— Exercise prompt —
Please, without any pictures, transcribe the lines from the one holding "Seven Swords" to the end of the listing, both ends included.

»»

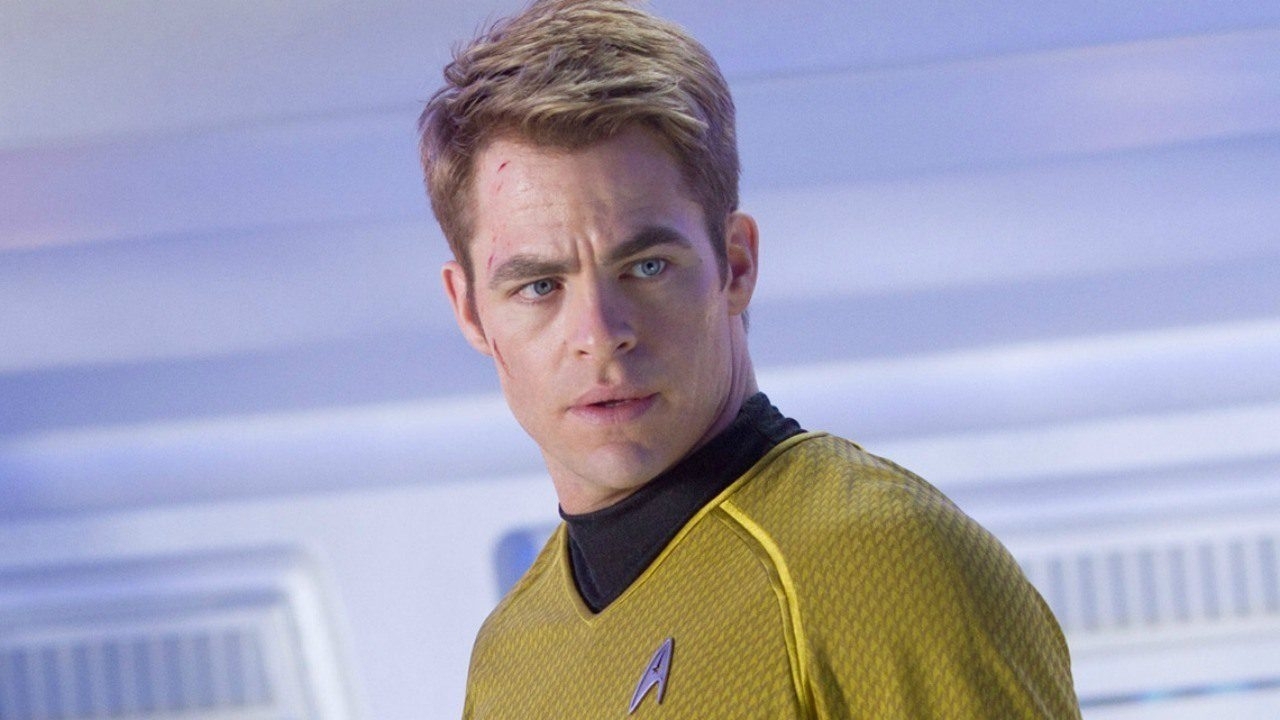 Chris Pine is enorm gefrustreerd door 'Star Trek'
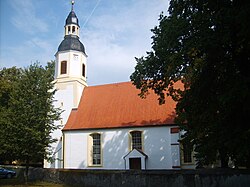 Church in Gröden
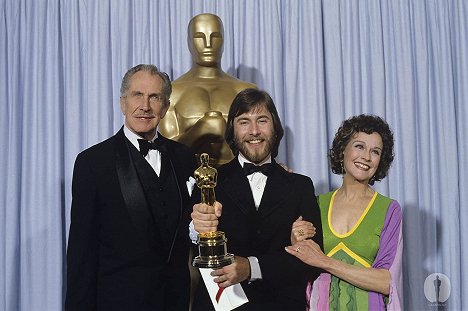 Vincent Price, Rick Baker, Kim Hunter - The 54th Annual Academy Awards - Z filmu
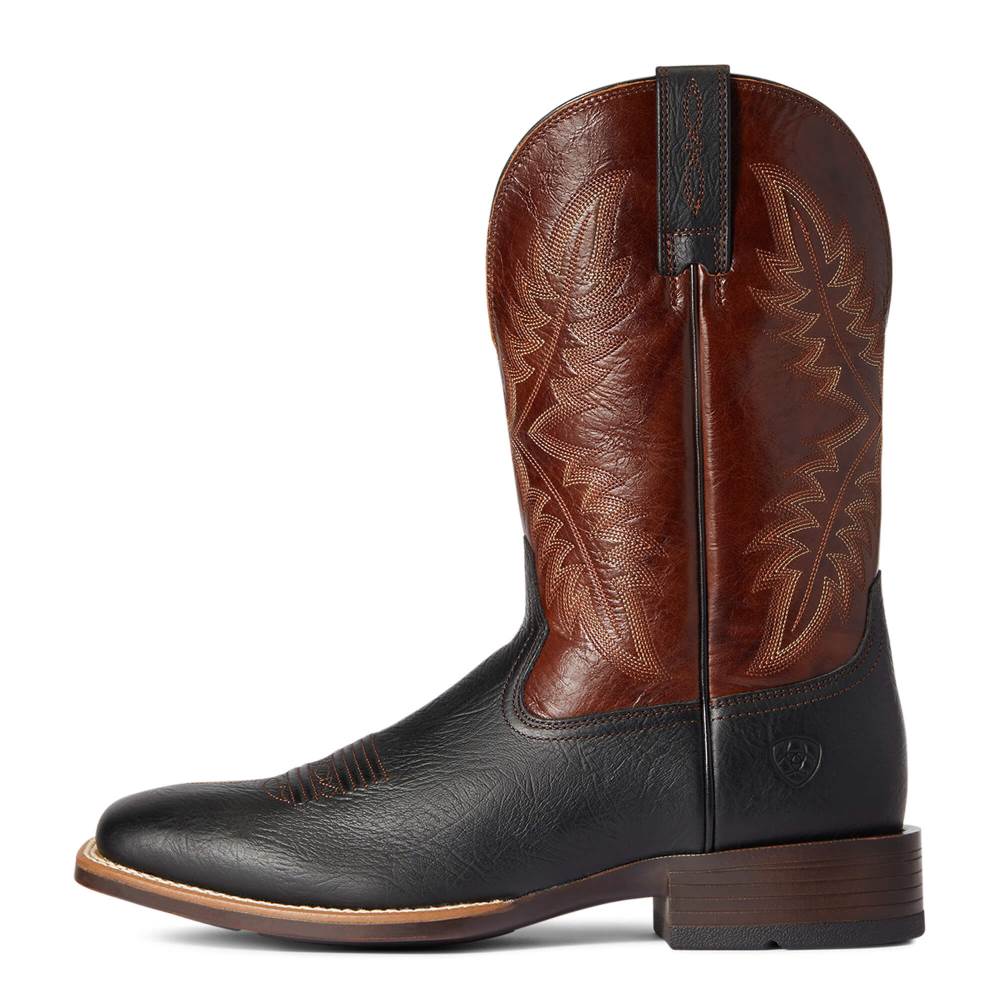 Ariat Rawly Ultra Western Boot - DARK SOIL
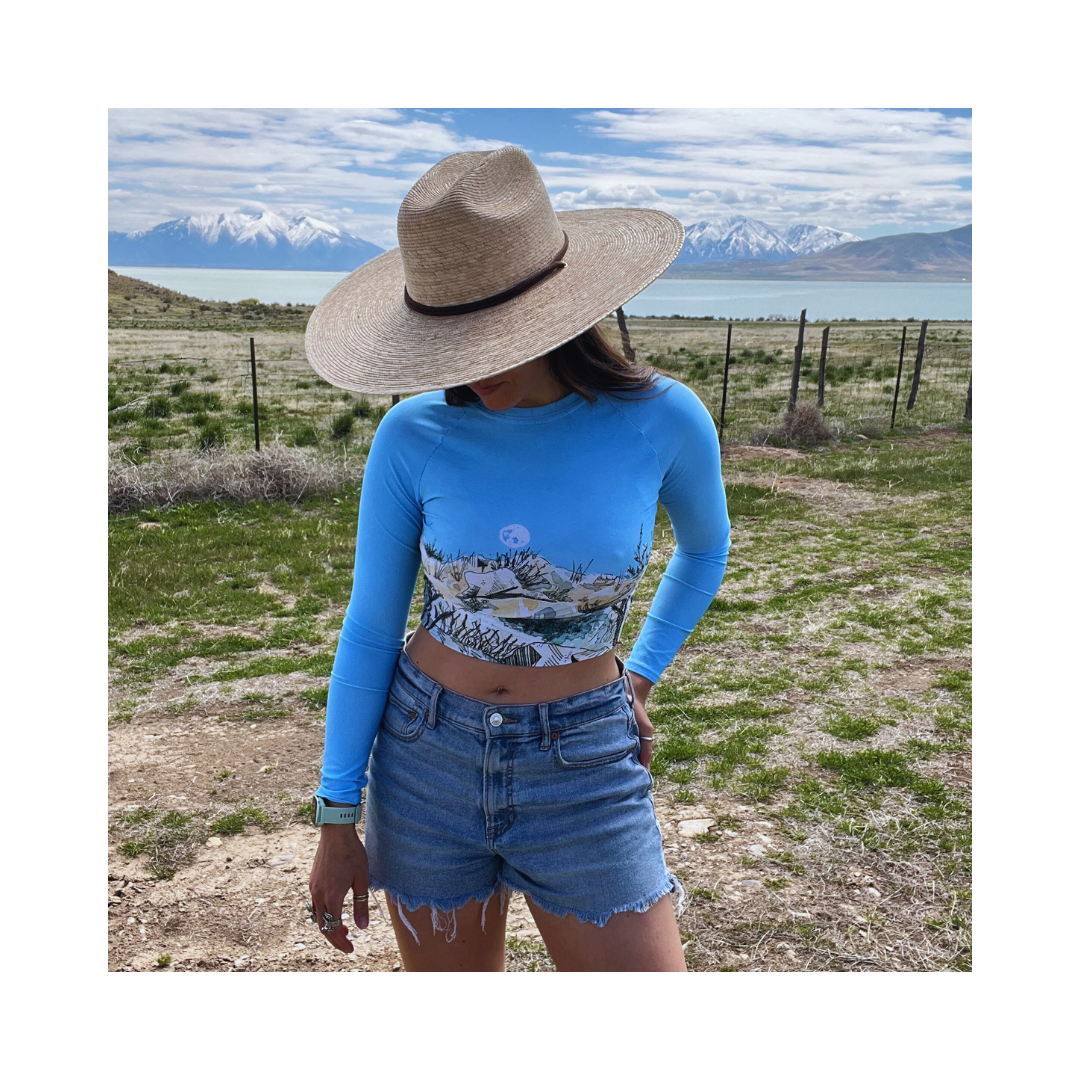Desert Moon Sun Shirt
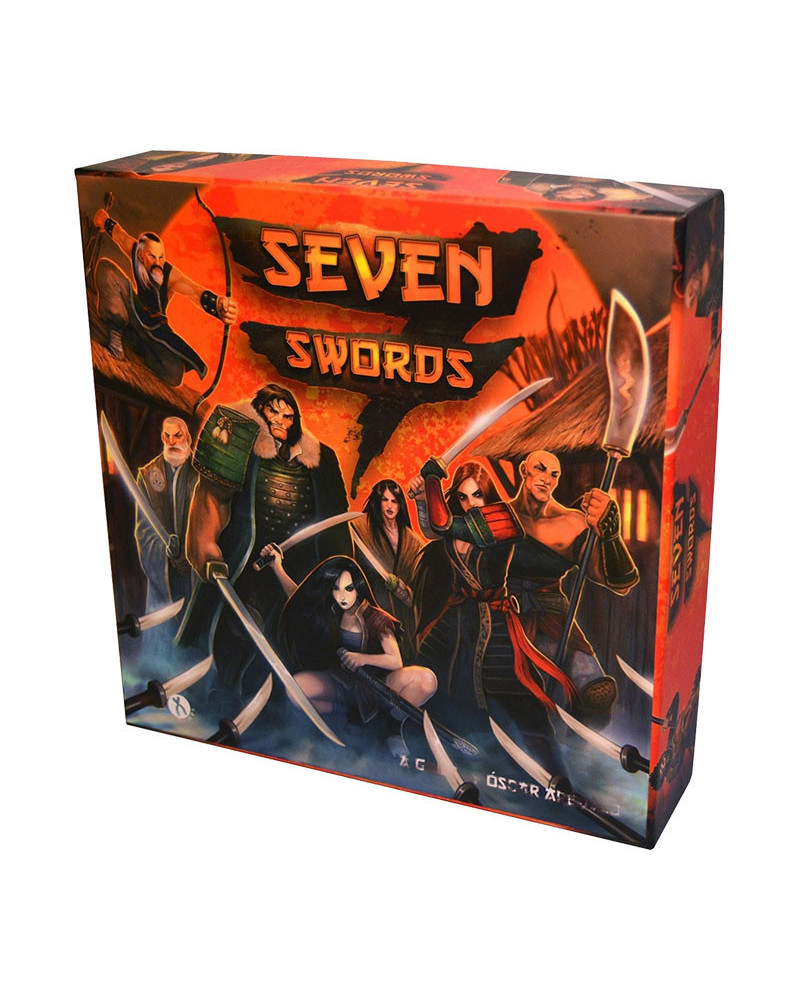 Seven Swords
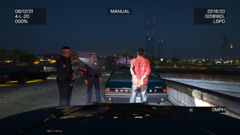 Traffic Stop
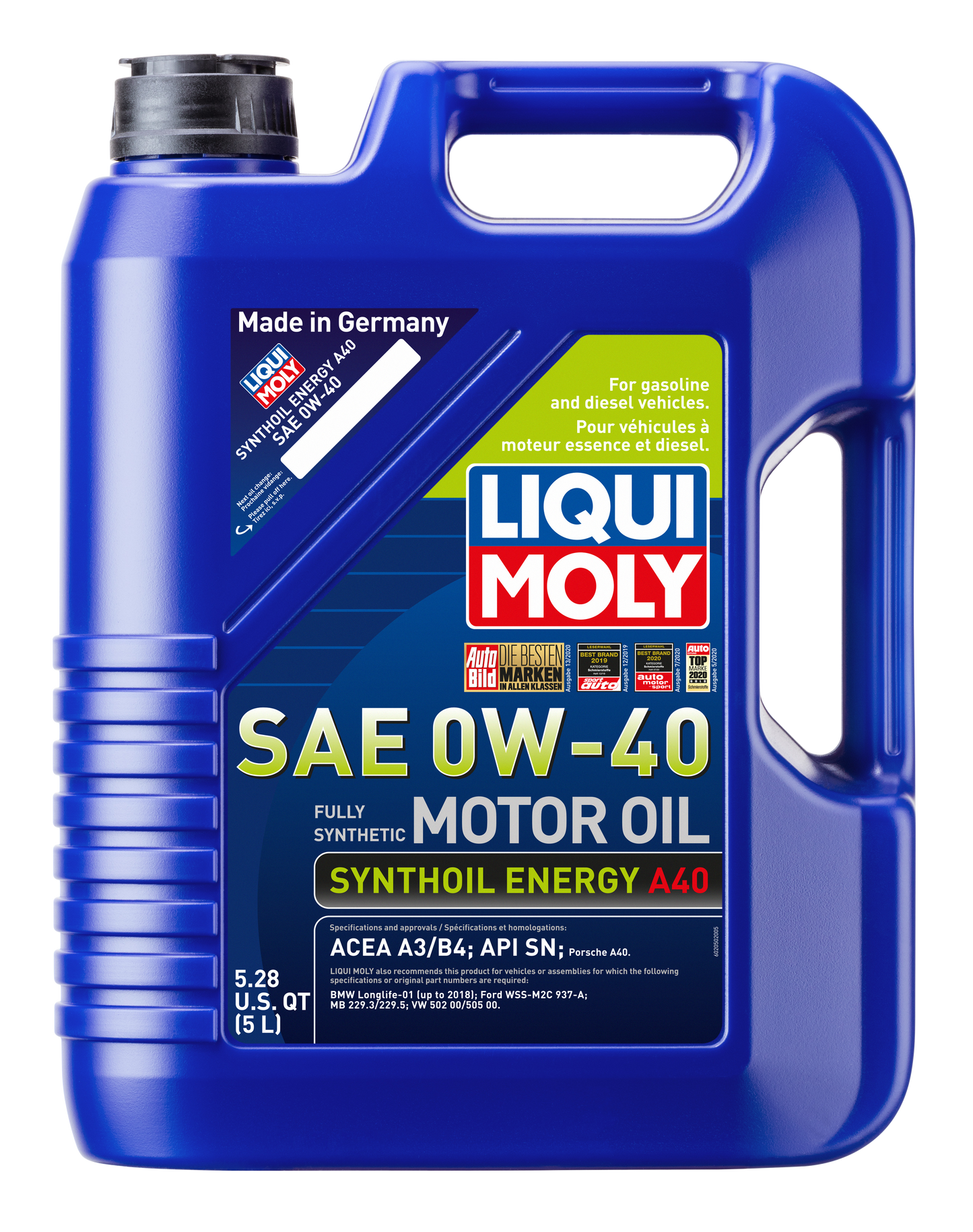 LIQUI MOLY Engine Oil - 2050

««

— Response area —
 Seven Swords
 Traffic Stop
 LIQUI MOLY Engine Oil - 2050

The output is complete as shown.